### Instructions to follow
Return all of the data exactly as written, without the pictures.

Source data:
- - - - -
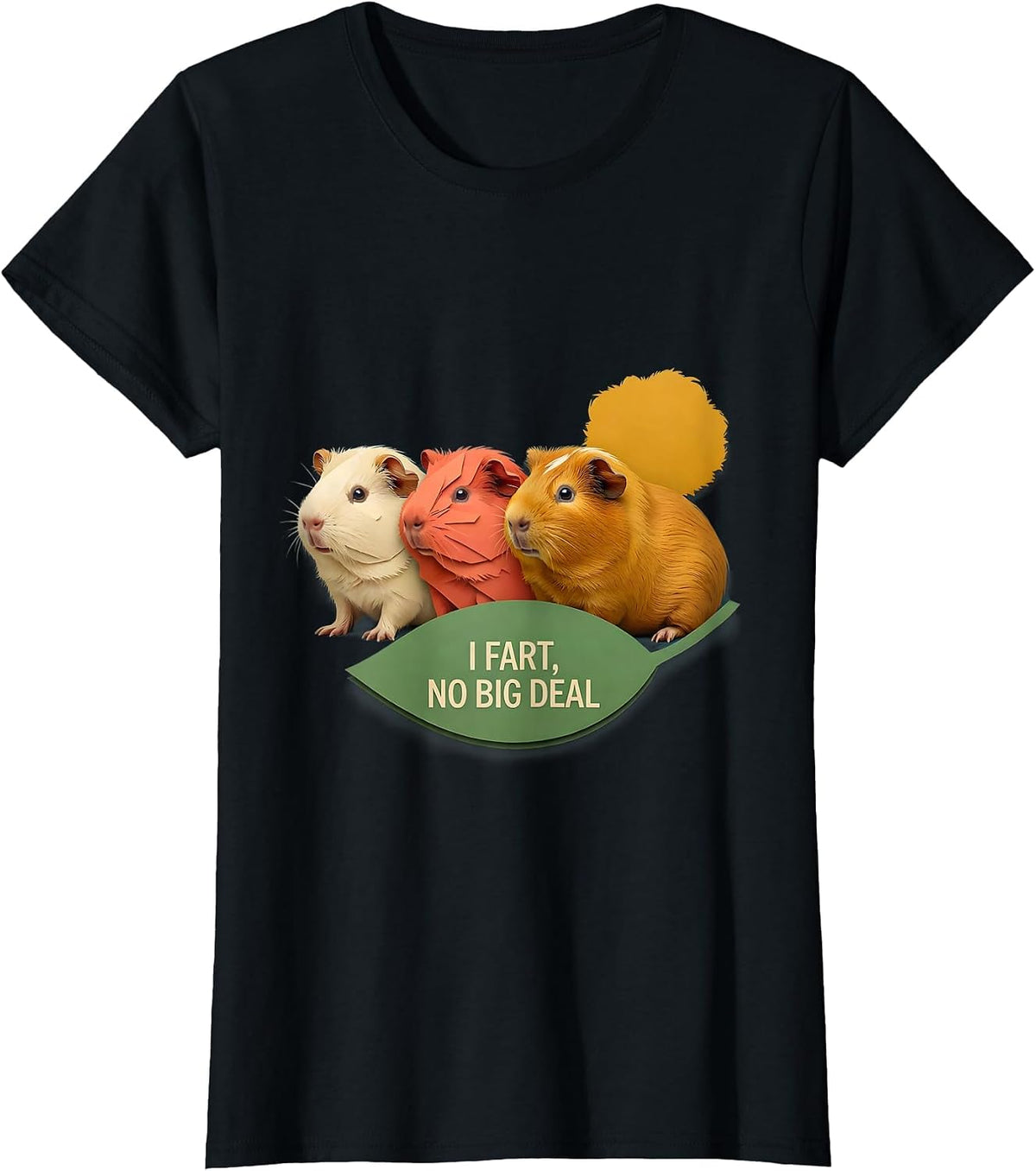 I Fart, No Big Deal Funny Guinea Pig Fart Joke Animal Meme T-Shirt - Black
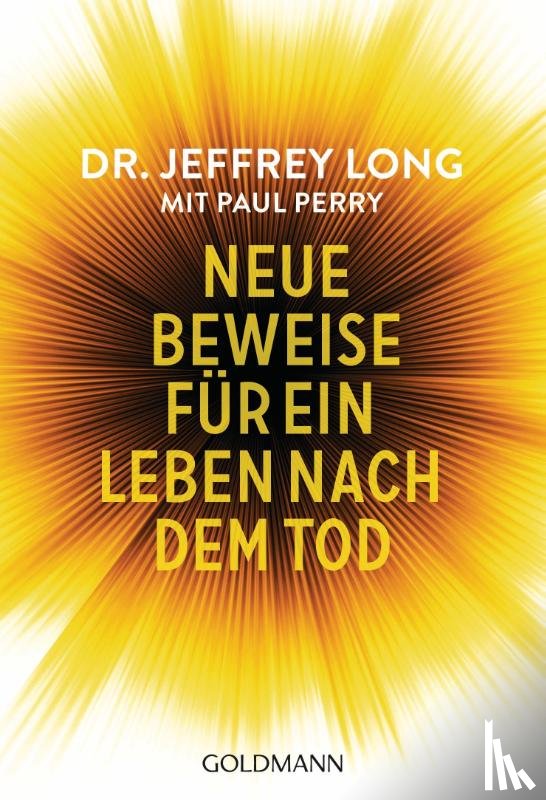 Long, Jeffrey, Perry, Paul - Neue Beweise für ein Leben nach dem Tod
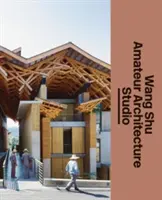 Wang Shu e lo studio di architettura amatoriale - Wang Shu and Amateur Architecture Studio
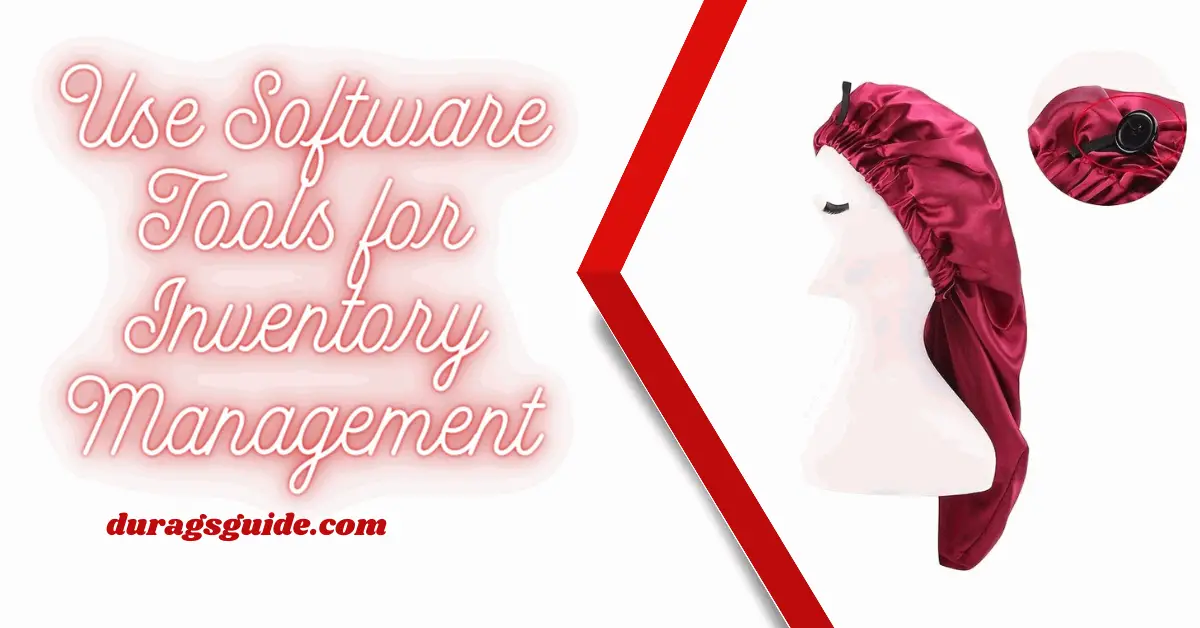 Use Software Tools for Inventory Management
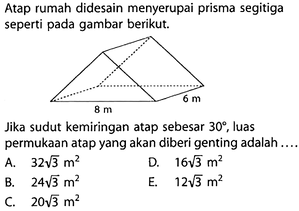 Atap rumah didesain menyerupai prisma segitiga seperti pa...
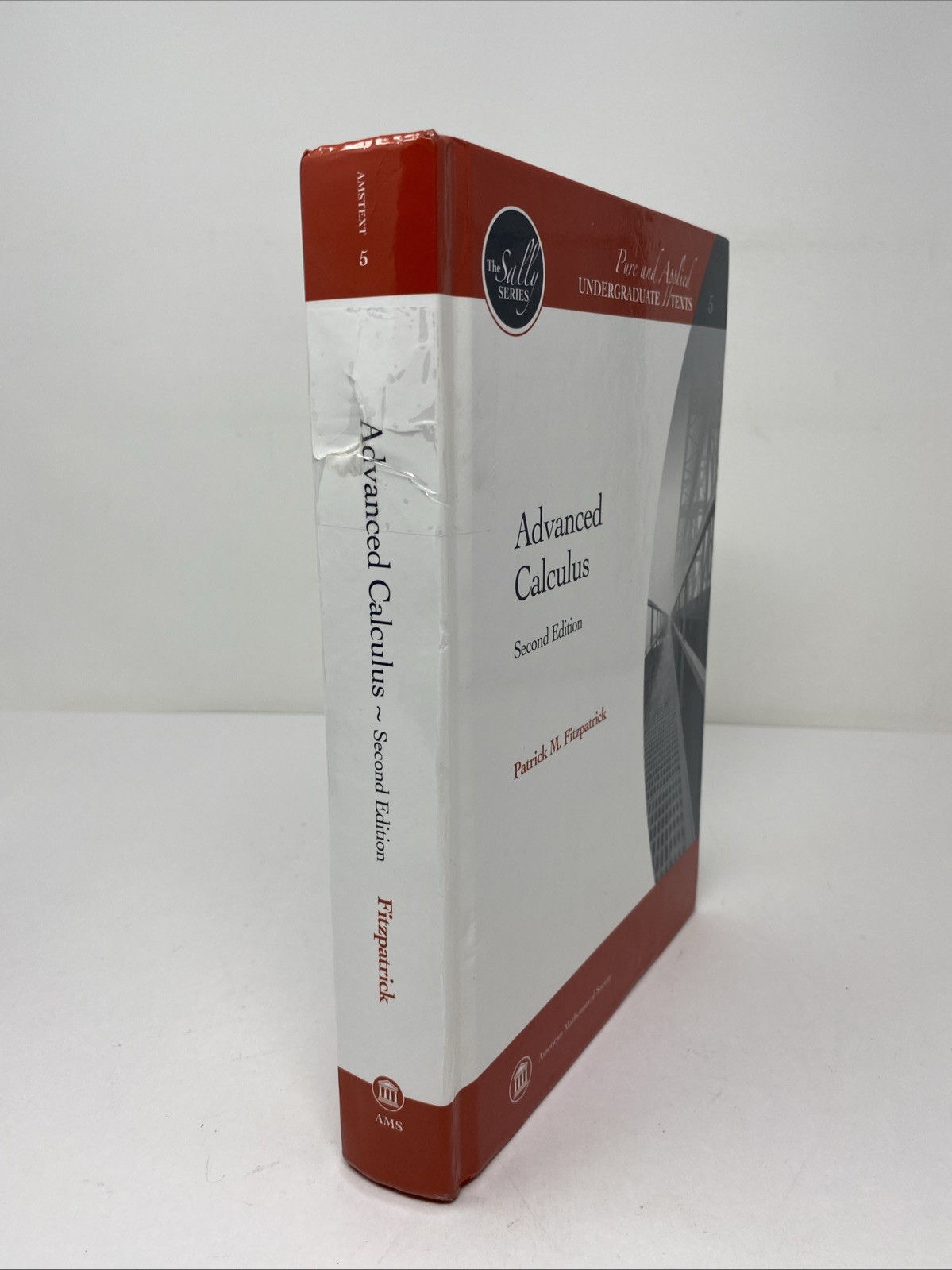 Advanced Calculus (Pure and Applied Undergraduate Texts The Sally Series) 2nd Ed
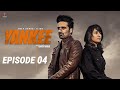YANKEE EPISODE 04 WEB SERIES SEASON 01 Latest Punjabi Web Series 2023 New Web Series 2023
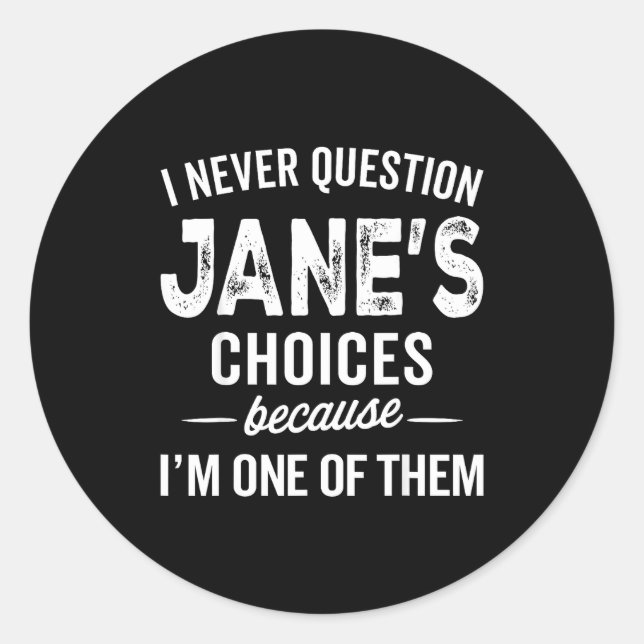 Sticker Rond I Never Question Jane’s Choices Jane D Name  (Devant)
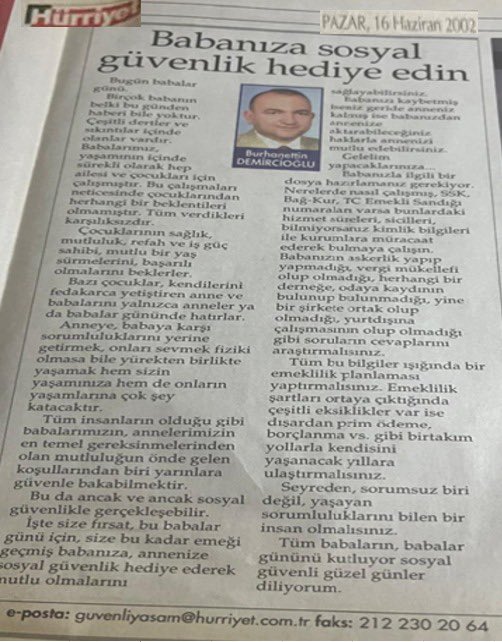 Babalar Günü Hediyesi: Emeklilik Umuduna Bir Adım

Babalar günü benim için çok önemlidir. Tam tamına 23 yıl önce Hürriyet gazetesinde ki köşem de aşağıdaki görselde görüleceği üzere babanıza sosyal güvenlik hediye edin diye bir köşe yazısı yazmıştım. 2025 yılında, aile yılında ve
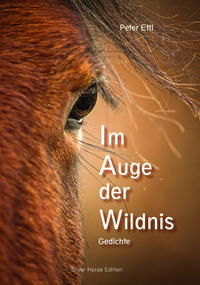 Im Auge der Wildnis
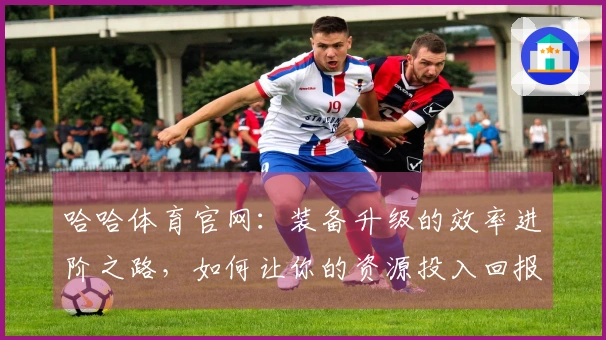 哈哈体育官网：装备升级的效率进阶之路，如何让你的资源投入回报最大化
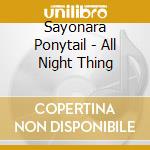 Sayonara Ponytail - All Night Thing cd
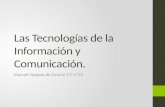 Las Tecnologías de la Información y Comunicación.
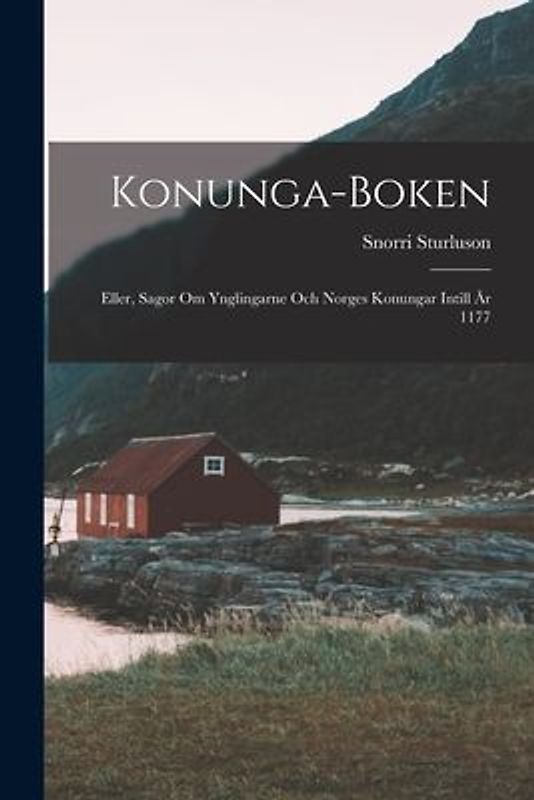 Konunga-Boken: Eller, Sagor om Ynglingarne och Norges Konungar Intill År 1177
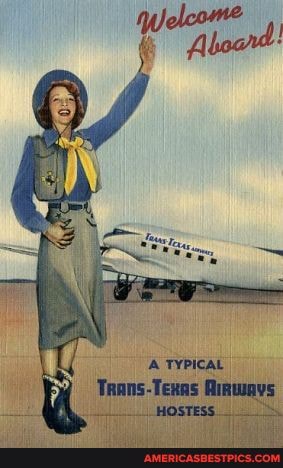 Welcome
Tanns-Texas Ainways
HOSTESS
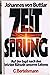 Zeitsprung: Auf d. Jagd nach d. letzten Rätseln unseres Lebens (German Edition)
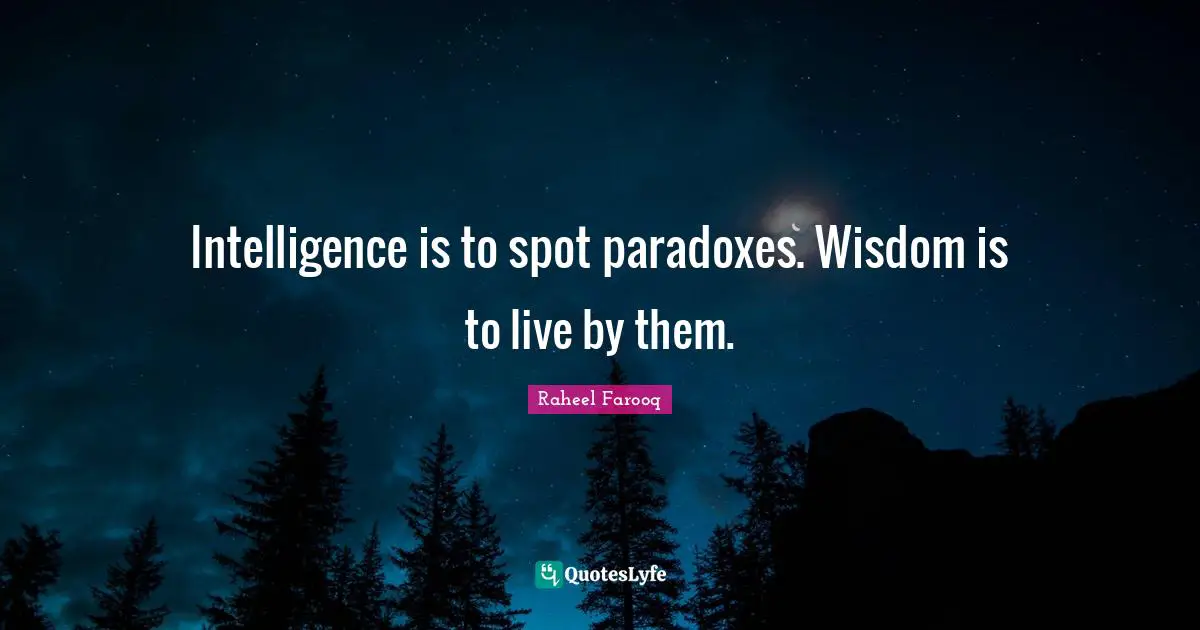 Intelligence is to spot paradoxes. Wisdom is to live by them.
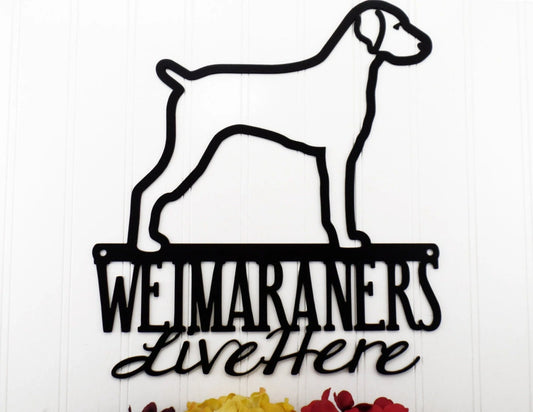 Weimaraners Live Here Metal Sign Black Weimaraner Outdoor Sign Dog Sign Dog Dog Breed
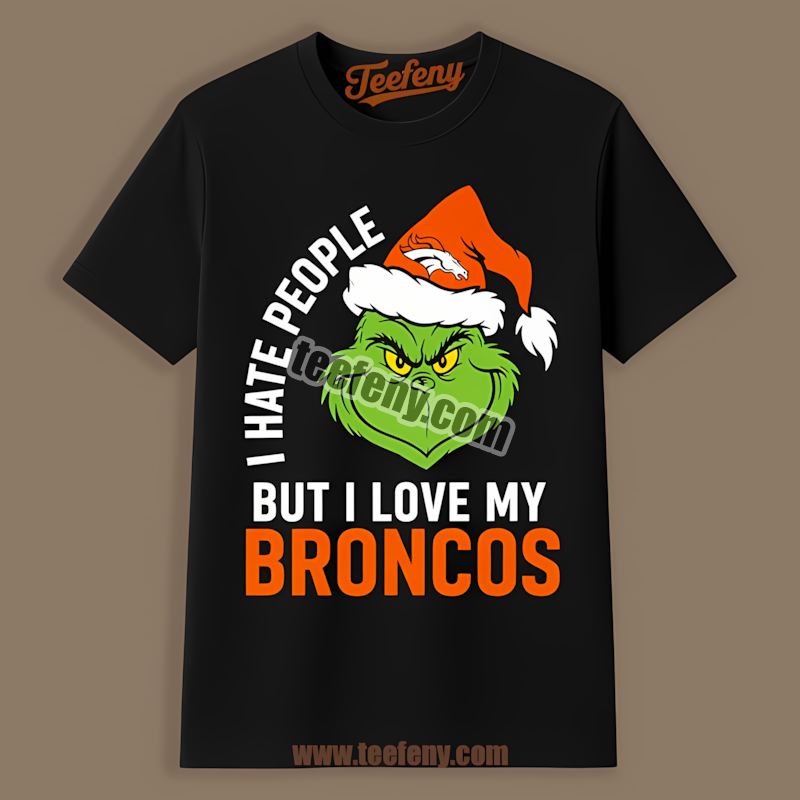 Grinch I Hate People But Love Denver Broncos Adults Shirt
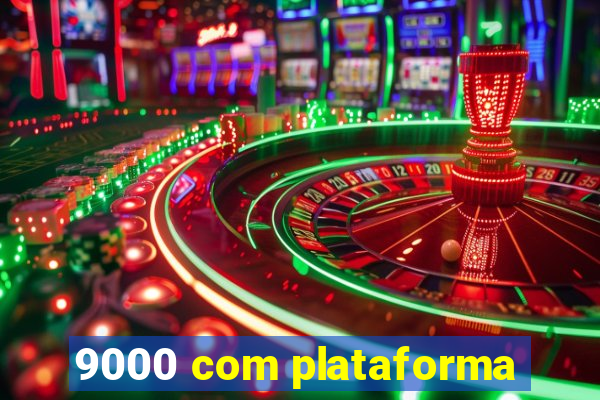 9000 com plataforma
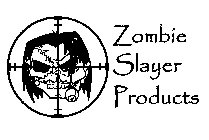 ZOMBIE SLAYER PRODUCTS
- - - - -
### Response area
 I Fart, No Big Deal Funny Guinea Pig Fart Joke Animal Meme T-Shirt - Black
 Long, Jeffrey, Perry, Paul - Neue Beweise für ein Leben nach dem Tod
 Wang Shu e lo studio di architettura amatoriale - Wang Shu and Amateur Architecture Studio
 Use Software Tools for Inventory Management
 Atap rumah didesain menyerupai prisma segitiga seperti pa...
 Advanced Calculus (Pure and Applied Undergraduate Texts The Sally Series) 2nd Ed
YANKEE EPISODE 04 WEB SERIES SEASON 01 Latest Punjabi Web Series 2023 New Web Series 2023
 Sticker Rond I Never Question Jane’s Choices Jane D Name  (Devant)
 Babalar Günü Hediyesi: Emeklilik Umuduna Bir Adım

Babalar günü benim için çok önemlidir. Tam tamına 23 yıl önce Hürriyet gazetesinde ki köşem de aşağıdaki görselde görüleceği üzere babanıza sosyal güvenlik hediye edin diye bir köşe yazısı yazmıştım. 2025 yılında, aile yılında ve
 Im Auge der Wildnis
 哈哈体育官网：装备升级的效率进阶之路，如何让你的资源投入回报最大化
 Sayonara Ponytail - All Night Thing cd
 Las Tecnologías de la Información y Comunicación.
 Konunga-Boken: Eller, Sagor om Ynglingarne och Norges Konungar Intill År 1177
 Welcome
Tanns-Texas Ainways
HOSTESS
 Zeitsprung: Auf d. Jagd nach d. letzten Rätseln unseres Lebens (German Edition)
 Intelligence is to spot paradoxes. Wisdom is to live by them.
 Weimaraners Live Here Metal Sign Black Weimaraner Outdoor Sign Dog Sign Dog Dog Breed
 Grinch I Hate People But Love Denver Broncos Adults Shirt
 9000 com plataforma
 ZOMBIE SLAYER PRODUCTS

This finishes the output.